Advances are being made in CMR in the scanning part and in post processing. This section discusses technologic developments and advances in CMR with a focus on improvements in data acquisition, and reconstruction, new technologies and new clinical applications of CMR, MR guided cardiac procedures, and the role of artificial intelligence and machine learning in further advancing the field.

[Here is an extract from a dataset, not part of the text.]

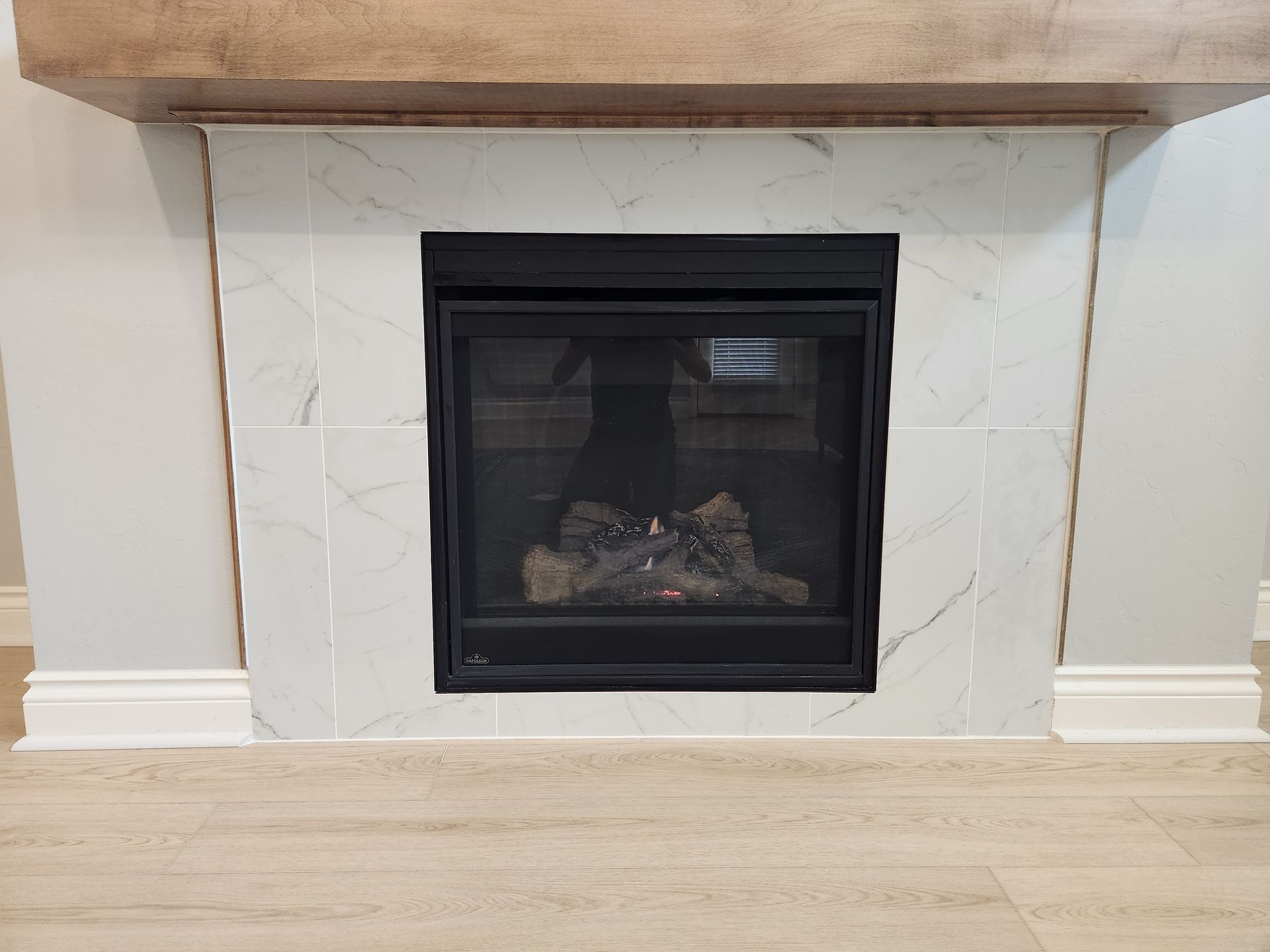 Modern fireplace with black glass insert, white stone surround, and wood mantel in a light room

5.1 Advances in data acquisition techniques

5.1.1 Faster scanning

One of the limitations for the widespread use of CMR has been the time needed for scanning and for post processing. Considerable efforts are underway to decrease these times with a focus on improving the speed and efficiency of image acquisition, resolution, and reconstruction. Parallel imaging (PI) is used currently to decrease acquisition times. PI reduces redundant phase coiling data and processing steps [49]. PI, however, has known limitations due to under-sampling, such as lowering the signal-to-noise ratio and thus contributing to image degradation [50]. A novel method has since been developed called compressed sensing (CS) that utilizes similar under-sampling from PI with the addition of a noise-reduction algorithm [51]. CS results in faster data acquisition times without compromising image quality [51]. Current research is directed at further optimizing these systems to improve image quality and reduce artifacts, such as combing CS and PI [52] and designing algorithms to separate cardiac and respiration motion artifacts [53]. In addition to developments with CS, there is an interest in implementing artificial intelligence (AI) to improve data acquisition and processing performance further. The use of deep learning (DL) has been shown to accurately reconstruct cardiac MRI images at a faster rate compared to the methods described previously [54].

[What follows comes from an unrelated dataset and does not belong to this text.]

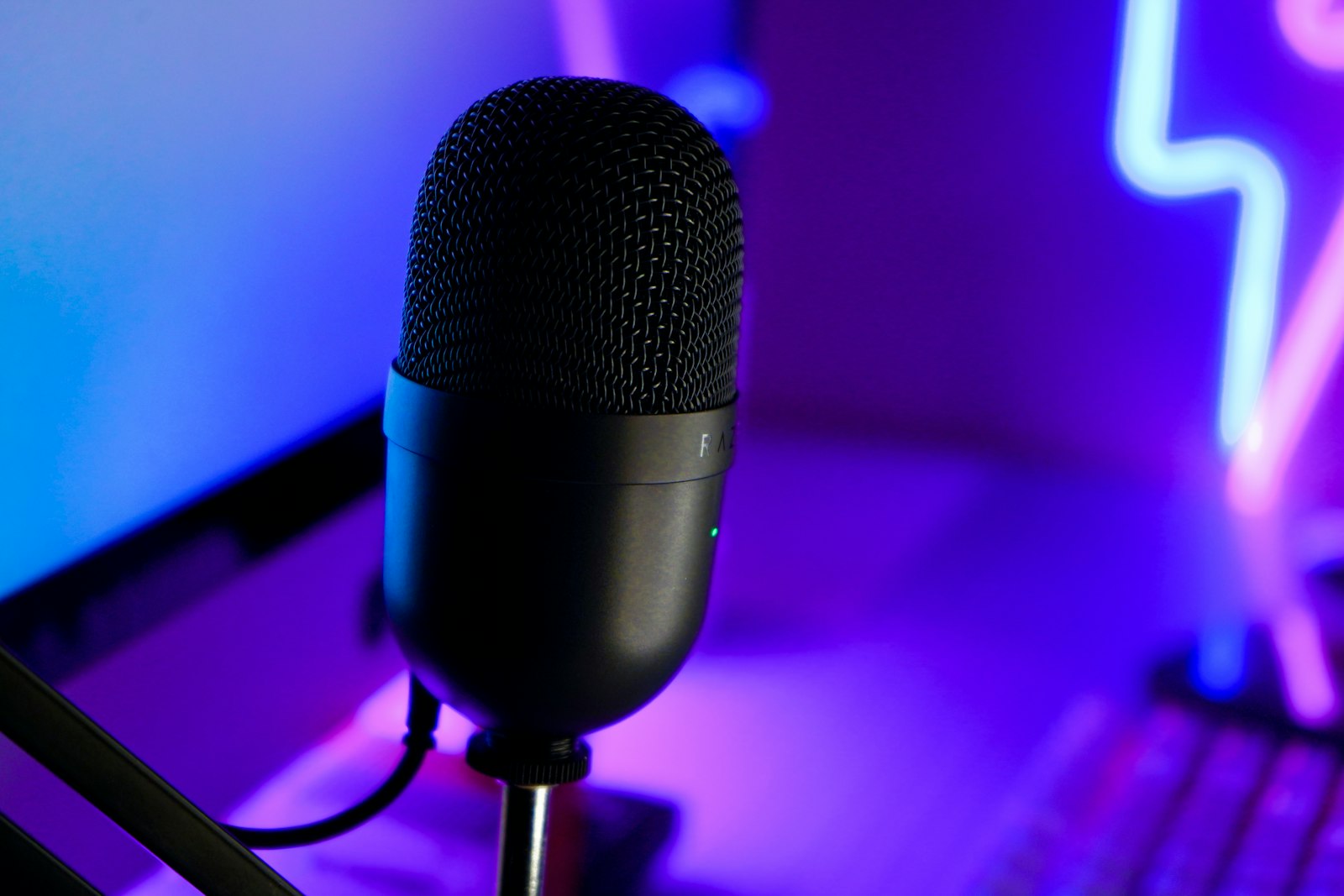 Microphone in front of a laptop on a streaming desk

5.1.2 Respiratory and cardiac gating

Respiratory and cardiac gating techniques are well-established with CMR to reduce the physiologic motion of both systems and synchronize data acquisition throughout the cardiorespiratory cycle. These gating methods rely on ECGs, and image accuracy can be affected by arrhythmia and fluctuations in cardiac rhythm even in healthy subjects [55]. Novel techniques have been developed, such as non-ECG gated protocols, and have been found to improve spatial resolution and reduce cardiac motion artifacts without relying on ECG synchronization [56]. The same techniques have been implemented to reduce respiratory motion artifacts [57].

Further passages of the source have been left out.